##### Provided data #####

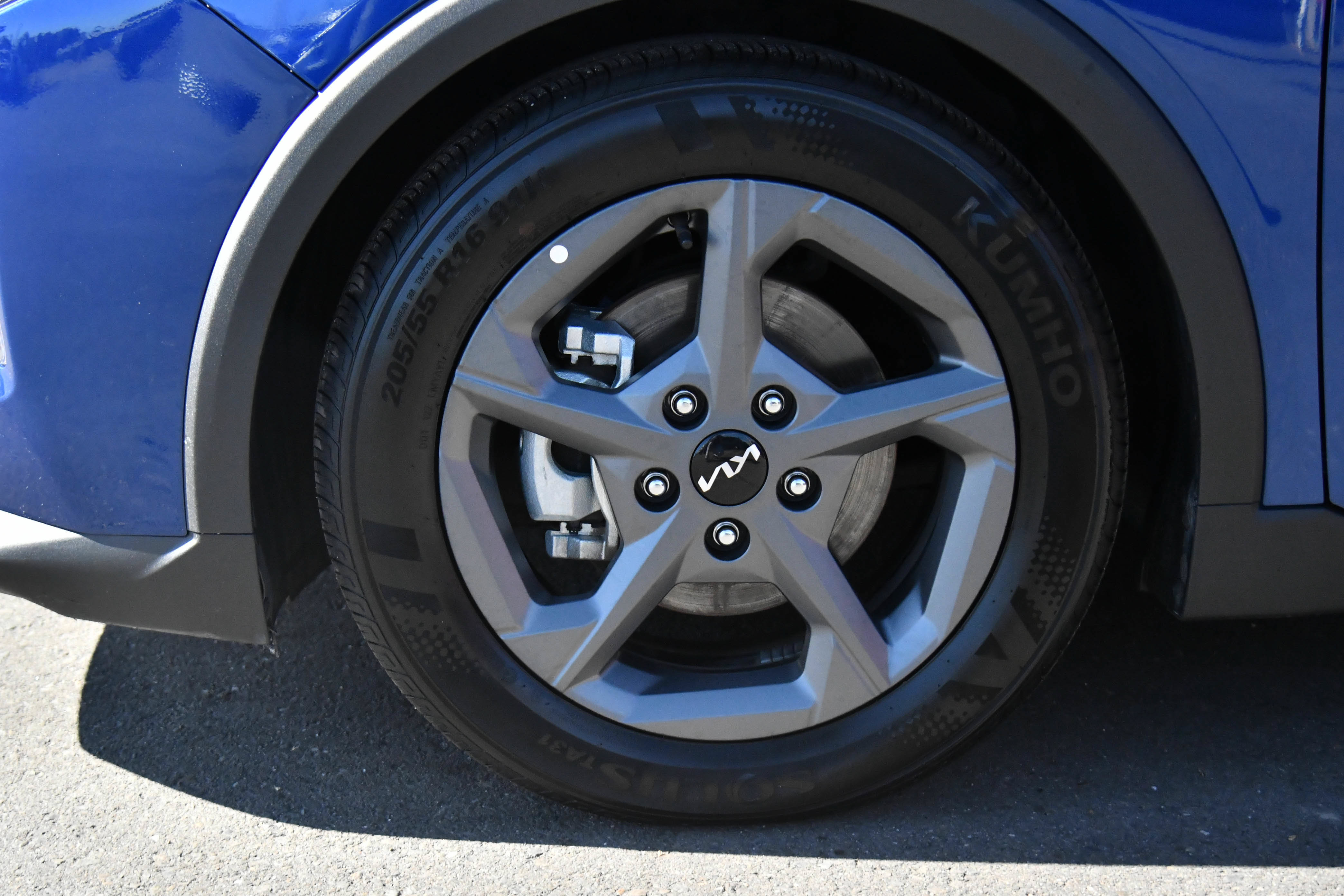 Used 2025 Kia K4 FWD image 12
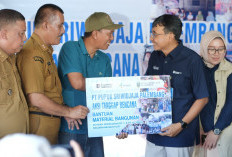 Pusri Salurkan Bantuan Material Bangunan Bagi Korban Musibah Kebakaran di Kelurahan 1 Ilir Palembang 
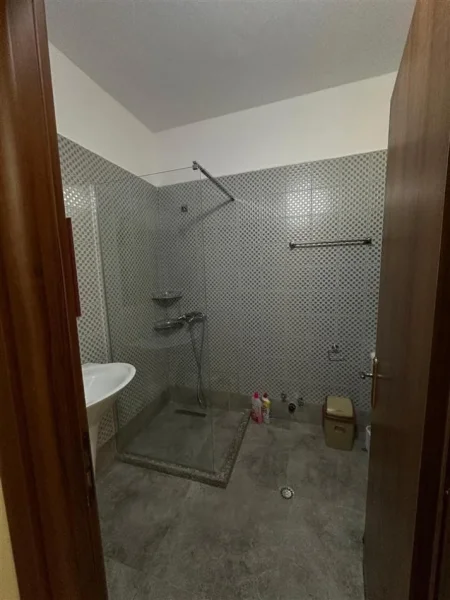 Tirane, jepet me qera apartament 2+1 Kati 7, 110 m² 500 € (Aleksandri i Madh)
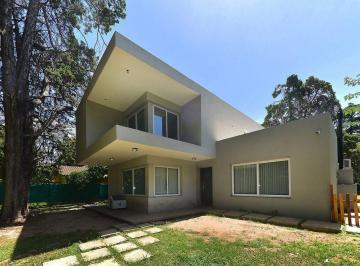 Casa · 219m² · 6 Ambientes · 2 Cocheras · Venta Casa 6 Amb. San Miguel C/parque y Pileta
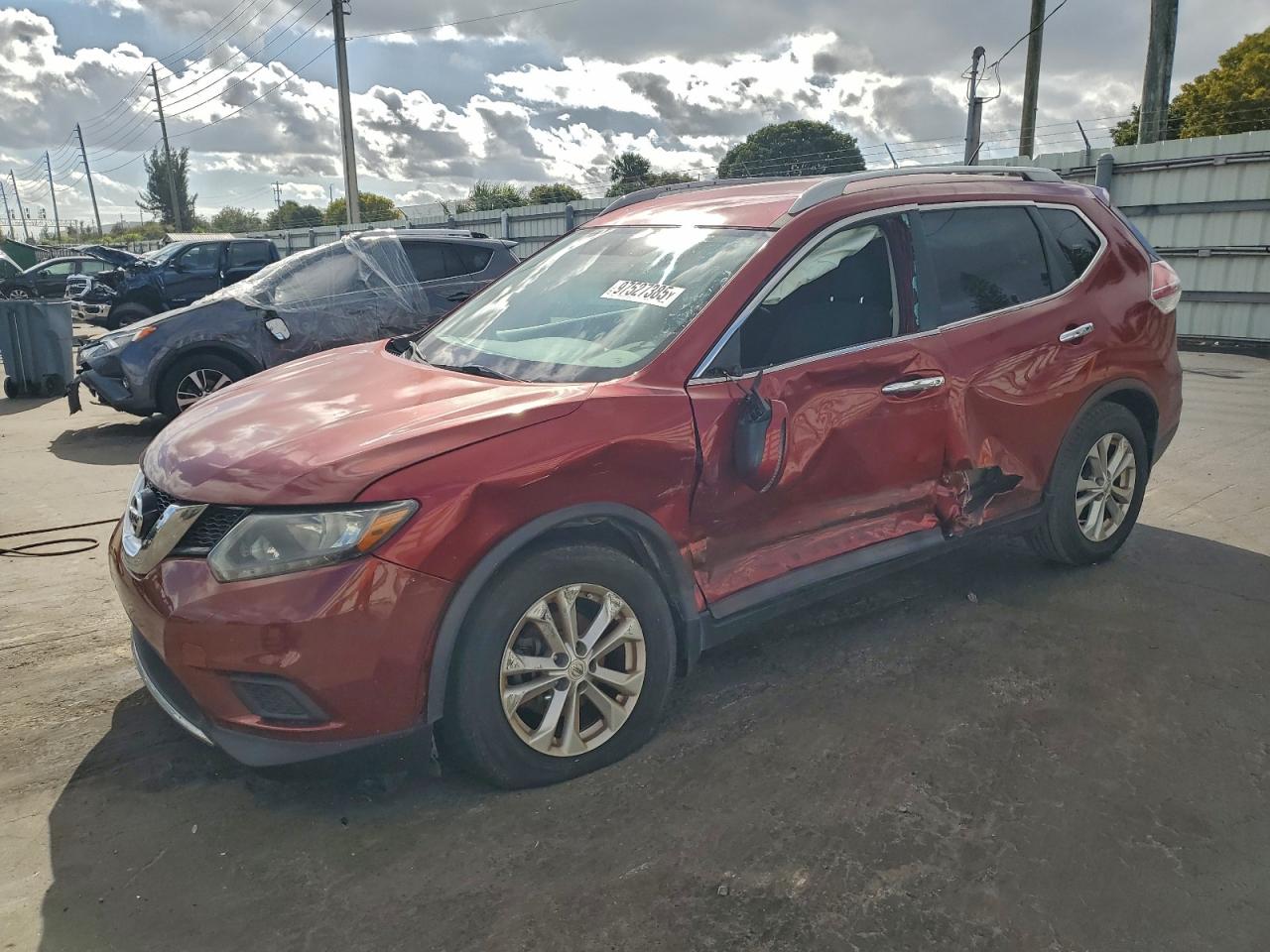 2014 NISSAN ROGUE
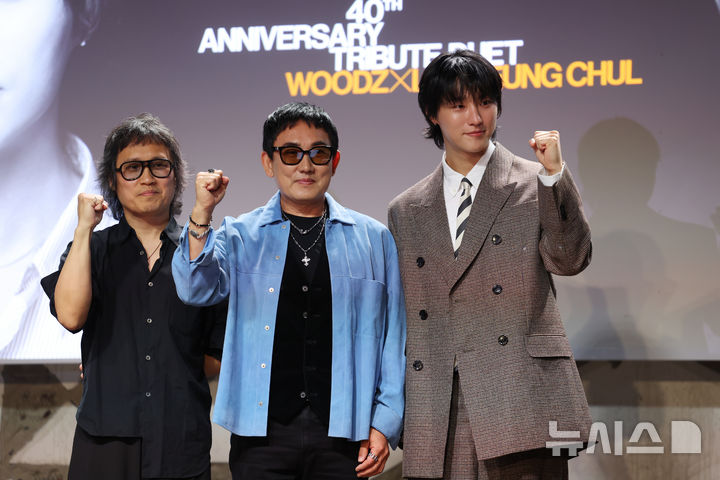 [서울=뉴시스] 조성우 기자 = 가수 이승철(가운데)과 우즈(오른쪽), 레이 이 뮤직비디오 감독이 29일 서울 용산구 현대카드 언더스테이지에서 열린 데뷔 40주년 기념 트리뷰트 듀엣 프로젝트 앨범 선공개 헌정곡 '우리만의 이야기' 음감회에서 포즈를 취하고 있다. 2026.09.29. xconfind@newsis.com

#####

What is required: Give the lines from the one containing "Casa · 219m²" through the final line of the material again, exactly and in full, but without pictures.

Task result:
 Casa · 219m² · 6 Ambientes · 2 Cocheras · Venta Casa 6 Amb. San Miguel C/parque y Pileta
 2014 NISSAN ROGUE
 [서울=뉴시스] 조성우 기자 = 가수 이승철(가운데)과 우즈(오른쪽), 레이 이 뮤직비디오 감독이 29일 서울 용산구 현대카드 언더스테이지에서 열린 데뷔 40주년 기념 트리뷰트 듀엣 프로젝트 앨범 선공개 헌정곡 '우리만의 이야기' 음감회에서 포즈를 취하고 있다. 2026.09.29. xconfind@newsis.com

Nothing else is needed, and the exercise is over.